*I was requested by a friend to change my settings on the comments, so now anyone who wants to can comment. Thanks, Ashley S.! :)
The last few days have been filled with sweets over-indulgence. Isn’t that what Christmas is all about? Just kidding…I know what it’s all about:
On Thursday, I decided to start practicing for the Christmas party. I have to find egg-less recipes, because most of the people here not only don’t eat meat, but they also don’t eat eggs, either. So I found a recipe for some Mocha Caramel cookies, which didn’t call for eggs. I scanned the ingredients (the first thing I do now when looking at recipes) and saw that everything was available here. I mean, I didn’t have the 24 caramel squares it called for, but I figured I could make my own caramel sauce. And of course, I didn’t have the cookie cutters to cut out cute tree, ornament, and star shaped cookies, but I could use a knife, right? And I didn’t have an icing tube, but it couldn’t be too hard to use a spoon to drizzle caramel and chocolate sauce over the cookies, could it? Of course not, I convinced myself, and made my way into the kitchen.

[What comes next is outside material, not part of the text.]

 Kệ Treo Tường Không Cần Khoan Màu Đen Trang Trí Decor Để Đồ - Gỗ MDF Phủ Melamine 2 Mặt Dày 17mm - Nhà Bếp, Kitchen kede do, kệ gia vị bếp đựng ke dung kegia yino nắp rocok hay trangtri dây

2 hours later I was asking myself, “What were you thinking?!” Cutting out shapes isn’t too hard…when you’re not making 3 dozen cookies and when you actually know how to do a star. And the caramel sauce kept cooling off, so I repeatedly had to put it back in the microwave in a sorry attempt to melt it again. They ended up tasty, but definitely not worth the effort. Eggless or not, these are not going on the Christmas party dessert list. I also made some of my mom’s snicker cookies. Much much easier, even though I had to make my own powder sugar.
Friday, Anna and Hannah had a girls’ Christmas party. They invited me, along with Priya and Suniya. The 3 Americans baked the traditional Christmas cookies and other goodies. Priya made what I think is the most popular South Asian treat, a “GJ”. We have dubbed them “soggy doughnuts” because, well, that’s what they taste like. Except Priya is some sort of culinary wizard because hers were delicious and didn’t make my jaws hurt from the sickening sweetness of them. (they are fried dough balls doused in sugar syrup) Then we cranked up our favorite South Asian movie music, and attempted to follow Priya’s moves. No matter how silly I look, I am never one to turn down a dance party. Then we ate so many sweets our stomachs actually hurt. Priya, completely serious, asked, “During Christmas, do Americans eat anything besides sweets?” Sometimes, yes we do.
Later that night, husband and I had Anna and Hannah over to eat some chili and cornbread (and ultimately, hot chocolate and more Christmas goodies) and watch White Christmas. This is a family tradition of mine – for as long as I can remember, my family has watched this every year, and sang along to the songs. (my favorites: “Sisters”, “The Best Things Happen While You’re Dancing”, and “Gee, I Wish I Was Back in the Army”) and Anna and Hannah gave us permission to sing along. And they’ve heard me sing, so you know how generous an offer this was. It was nice to feel a sense of family here during such a family-oriented season. And to eat cookies with.
It’s a wonder we aren’t in a sugar coma today.